I attended a conference on autism in St. Louis in 1993. At this point in time I was a teacher’s aide, working with an autistic little girl. One of the guest speakers at the conference was a medical doctor by the name of William Crook. His groundbreaking book is entitled The Yeast Connection. He explained how candida albicans, a naturally occurring yeast in the body, can grow out of control, and kill off the good bacteria so necessary for a healthy immune system. He cited all the usual suspects: antibiotics, steroid drugs (such as prednisone), and a diet high in sugar as the main culprits, although stress alone can wreak this havoc as well. I sat in my seat, barely able to contain my excitement. I wanted to yell, “Eureka! That’s it!” I finally had validation for my condition, for all those symptoms that three doctors had dismissed as “low blood sugar,” and “hysterical reaction.”

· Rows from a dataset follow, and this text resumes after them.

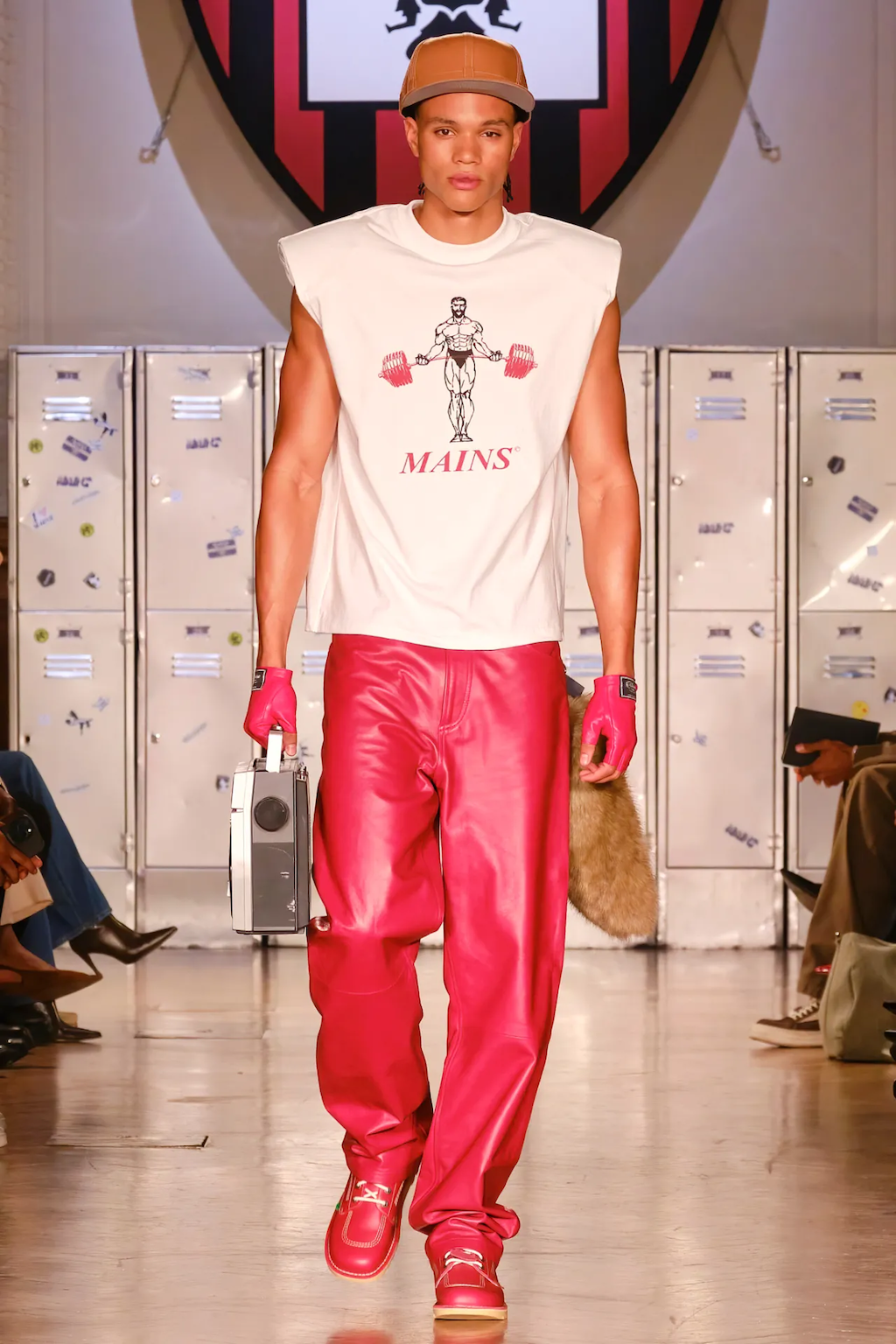 skepta cierra la semana de la moda de londres con su segundo desfile para mains 25gramos 14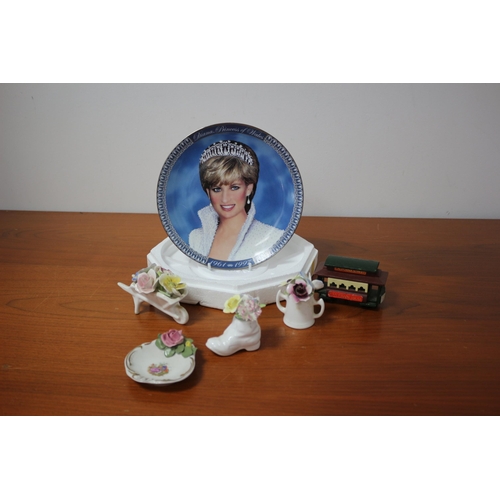 200 - Collection of Fine Bone China Ornaments including Royal Doulton plus Princess Diana Collectors Plate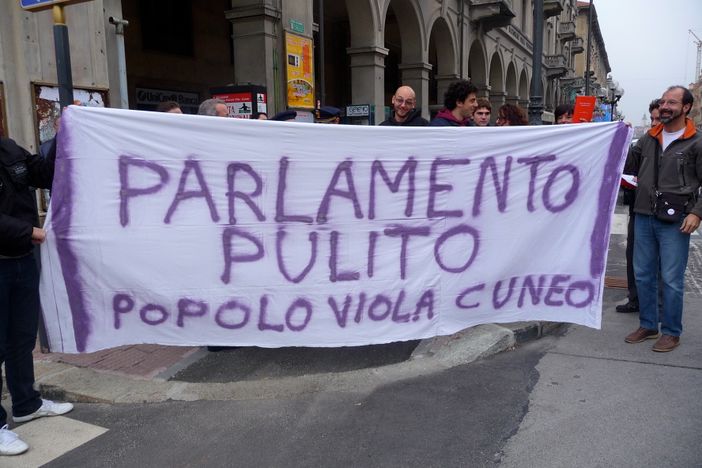 Lo striscione di protesta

Best of all, I learned that one of the many simple, natural substances that effectively and safely kill the yeast is grapefruit seed extract, and it did not require a prescription. It could be purchased at any health food store. He also stated that it is not enough to simply rid the body of candida albicans. One must also replace the good bacteria by taking a high quality acidophilus product every day. This was all the information I needed. As soon as I returned home, I started taking both products in earnest, and to this day my regimen continues, as it will for the remainder of my life.
At the time of this writing, I have successfully sworn off all soda, and have limited my sugar intake to a teaspoon of raw sugar in my cup of decaf coffee every morning. I eat lots of fresh vegetables, a few fresh fruits, and three high protein, high fiber meals each day. I no longer have spells of faintness from low blood sugar, and my energy level is good. I make sure to get adequate sleep each night. I now enjoy a completely normal life; mood swings are a thing of the past, and mental clarity has returned.
The question that remains with me fifteen years after my breakdown is: Why didn’t any of the doctors I sought help from listen to my symptoms, and try to find the real cause for them? Why did they ask so few questions? It is astounding to think that these medical specialists did not know the first thing about the yeast connection. Not one of them asked me about previous antibiotic use or a high sugar diet. I know there are thousands of people out there who have had similar experiences, and I shudder to think what happens to many of them. Some are written off as mentally ill and are either committed to asylums, or have been advised to undergo psychiatric treatment. Some go to stress centers, where the emphasis is placed on drugs and mental therapy. And some probably die.
One of the doctors I went to informed me that my condition was psychosomatic. But even in my confused, sick state, I knew without a doubt that my condition was just the opposite of that; it was “somatapsychic.” Medical doctors need to be educated to these issues. They need to listen to their patients, ask a lot of questions, and be motivated to learn the root causes for their symptoms, rather than treat the symptoms only. In other words, they need to find holistic reasons for illness. Not every disease or condition can be cured with drugs, which are the hallmarks of conventional medicine.
I learned two very valuable lessons from my ordeal: the body is an amazingly complex and miraculous organism, and it is my job to learn as much about it as possible. And more importantly, I am ultimately responsible for my own health and physical well-being.